## Aim of the exercise
Here is the task for the records below: repeat exactly the lines from the one with "Synthé Blanc - Affiche" to the one with "Nui Rau Củ Sa", both included, and nothing else.

(Extracted entries Opens)

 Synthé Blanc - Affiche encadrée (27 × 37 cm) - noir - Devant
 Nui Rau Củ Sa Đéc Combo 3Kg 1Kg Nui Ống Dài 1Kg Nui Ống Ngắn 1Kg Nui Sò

(Extracted entries Closes)
(Extracted entries Opens)

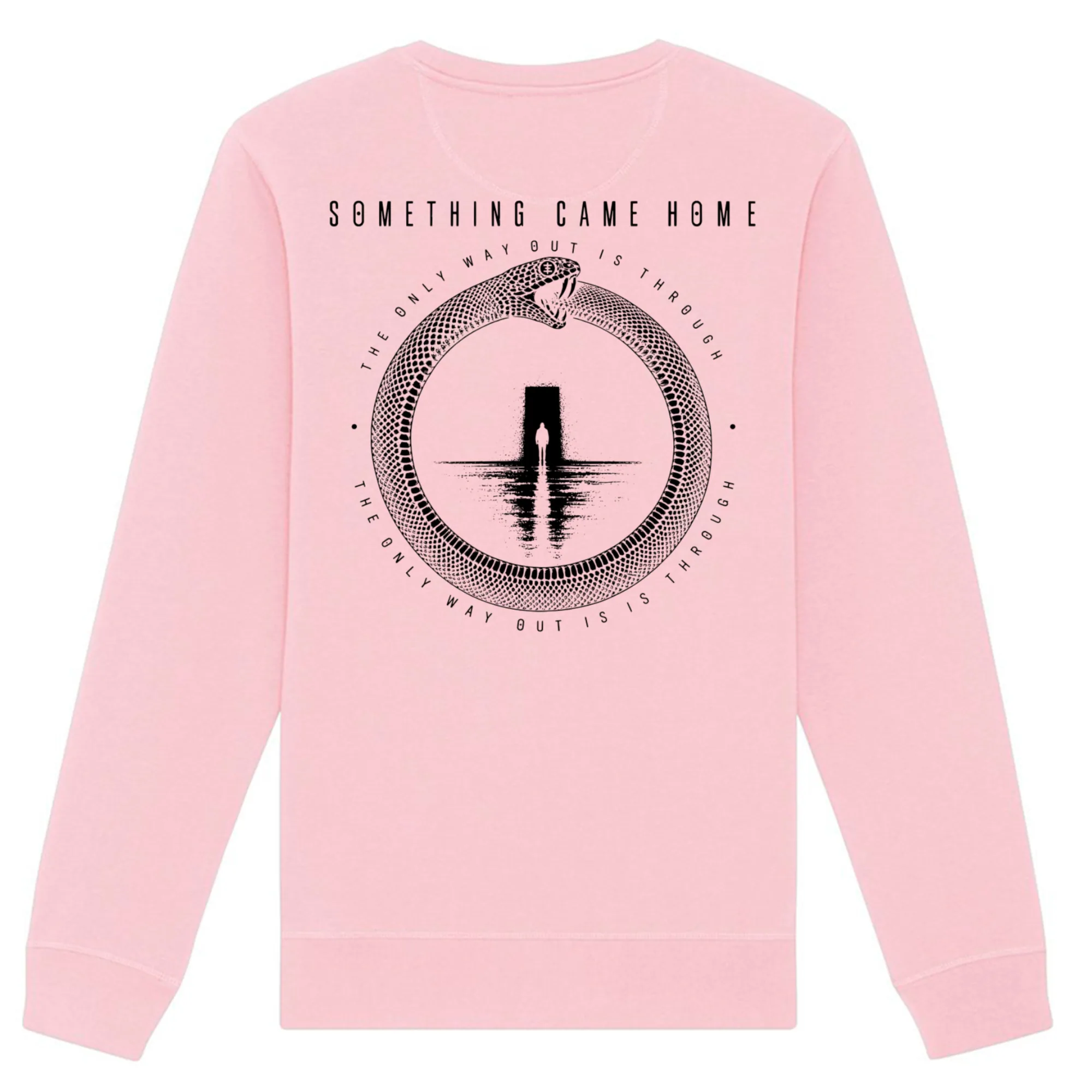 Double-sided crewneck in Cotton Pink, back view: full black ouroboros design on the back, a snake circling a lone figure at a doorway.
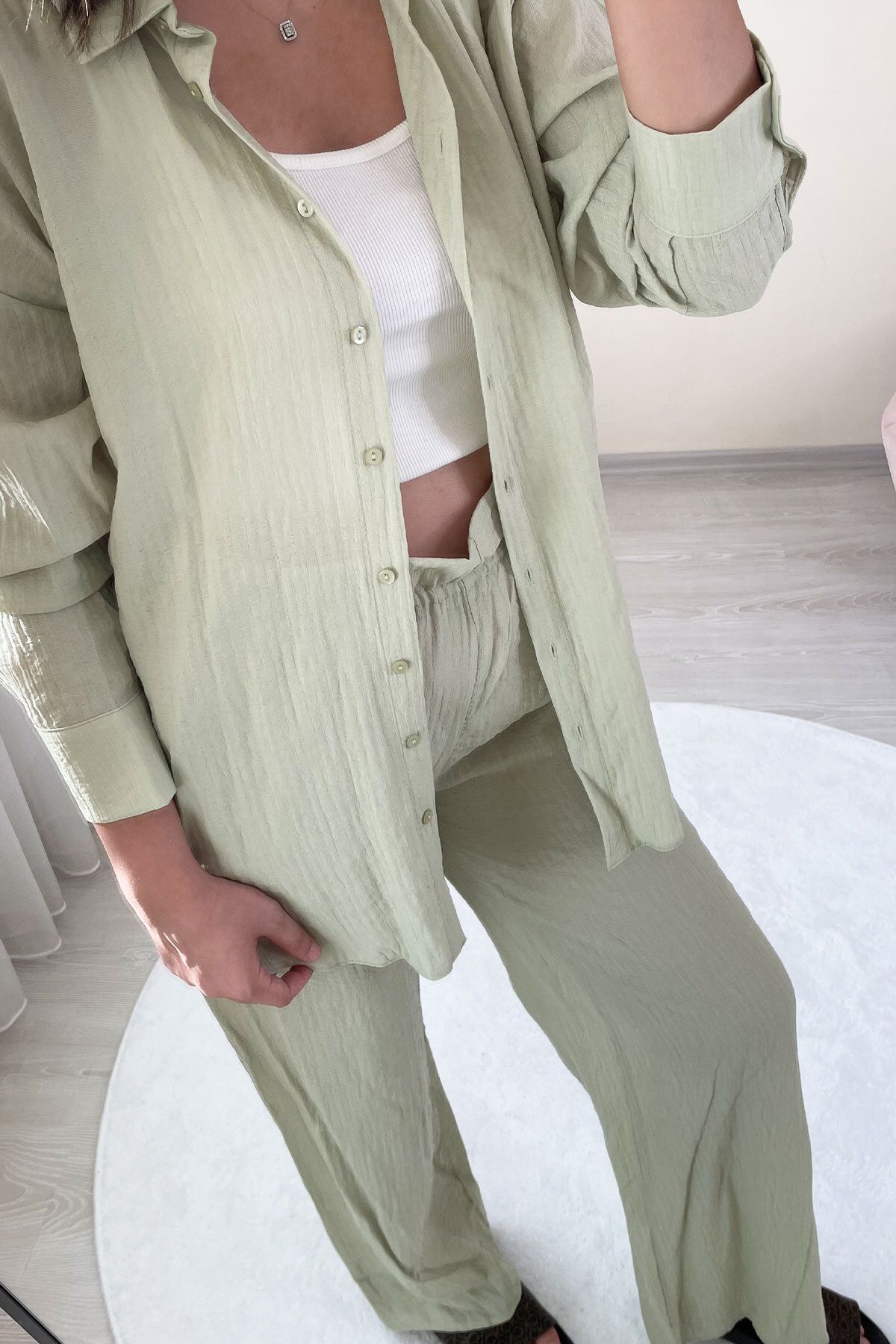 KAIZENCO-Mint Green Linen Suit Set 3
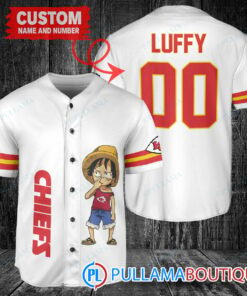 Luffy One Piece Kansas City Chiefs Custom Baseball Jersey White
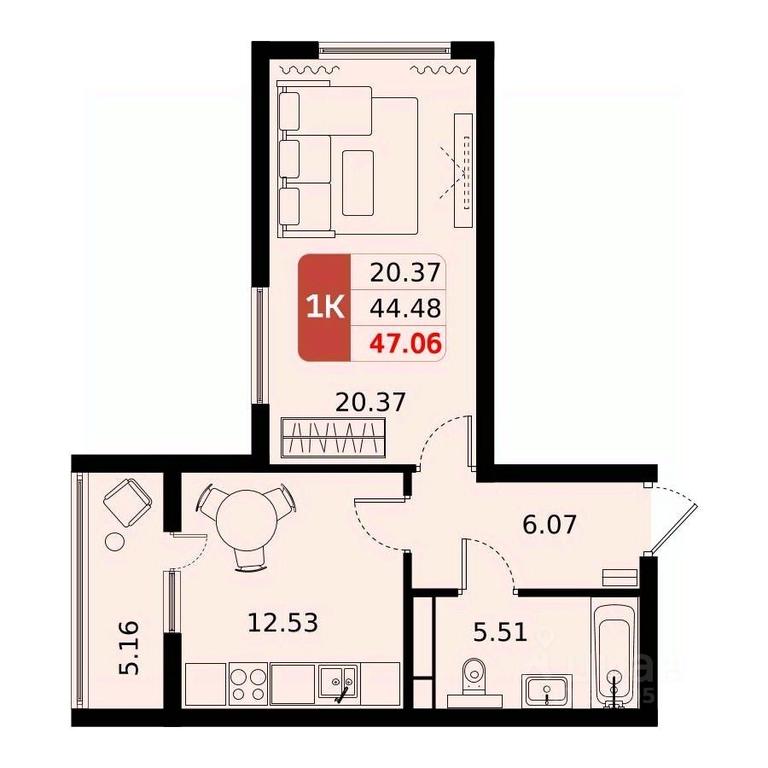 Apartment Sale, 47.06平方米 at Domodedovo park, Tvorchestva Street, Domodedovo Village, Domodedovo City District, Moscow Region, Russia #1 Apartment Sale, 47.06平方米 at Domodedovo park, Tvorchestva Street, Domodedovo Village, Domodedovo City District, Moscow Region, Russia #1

(Extracted entries Closes)
(Extracted entries Opens)

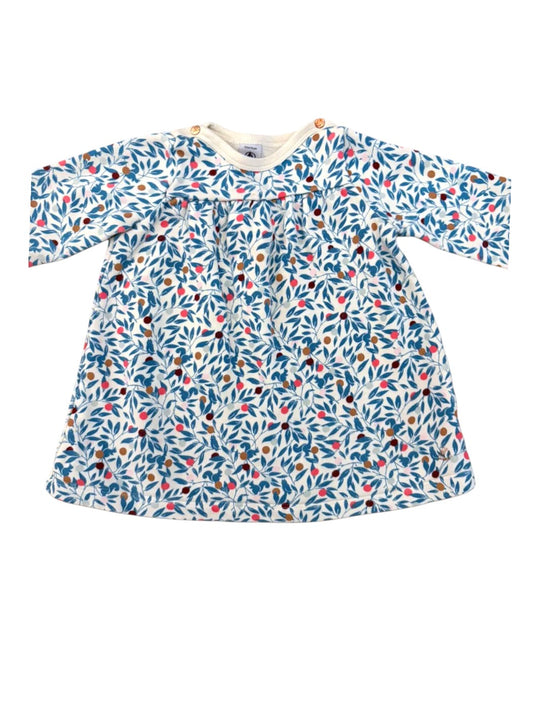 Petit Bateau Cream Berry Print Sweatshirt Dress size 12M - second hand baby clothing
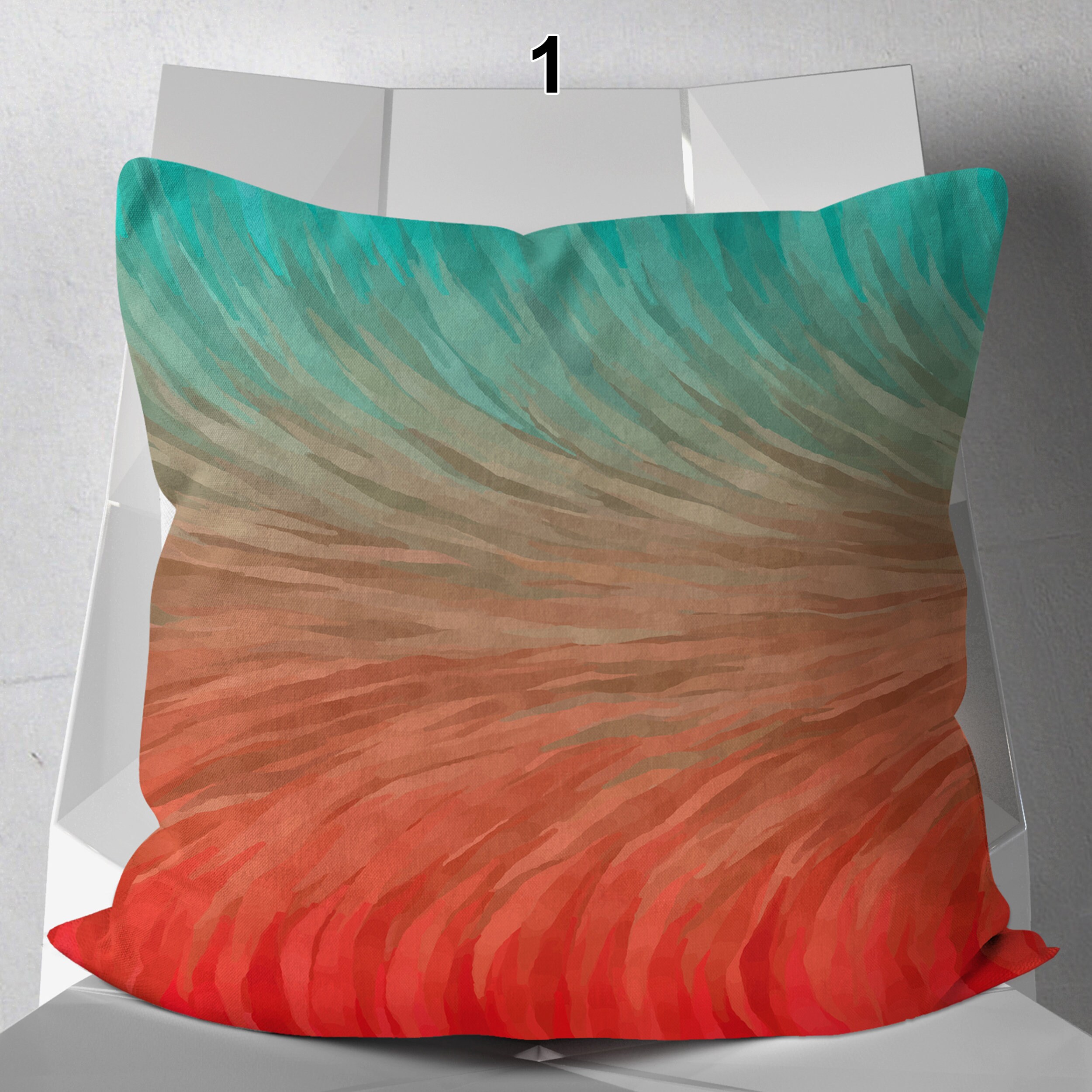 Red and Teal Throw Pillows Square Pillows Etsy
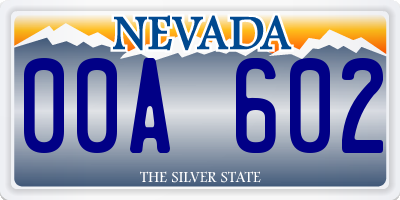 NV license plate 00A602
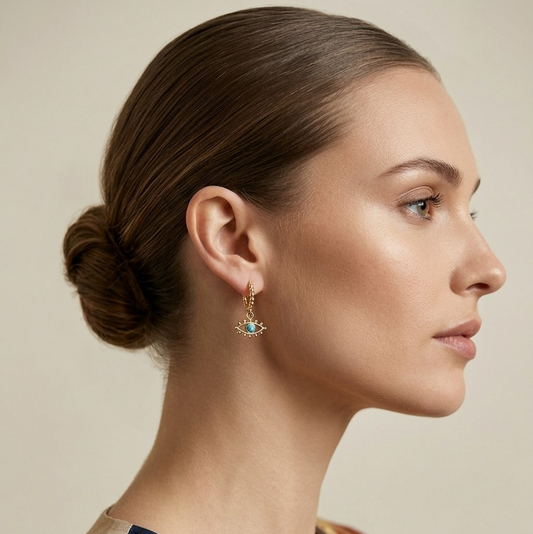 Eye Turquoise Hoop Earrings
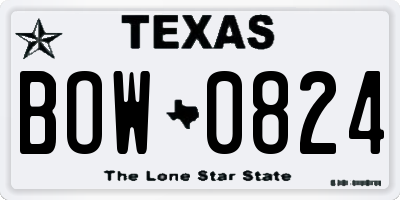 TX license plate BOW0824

(Extracted entries Closes)

## Completed task
 Synthé Blanc - Affiche encadrée (27 × 37 cm) - noir - Devant
 Nui Rau Củ Sa Đéc Combo 3Kg 1Kg Nui Ống Dài 1Kg Nui Ống Ngắn 1Kg Nui Sò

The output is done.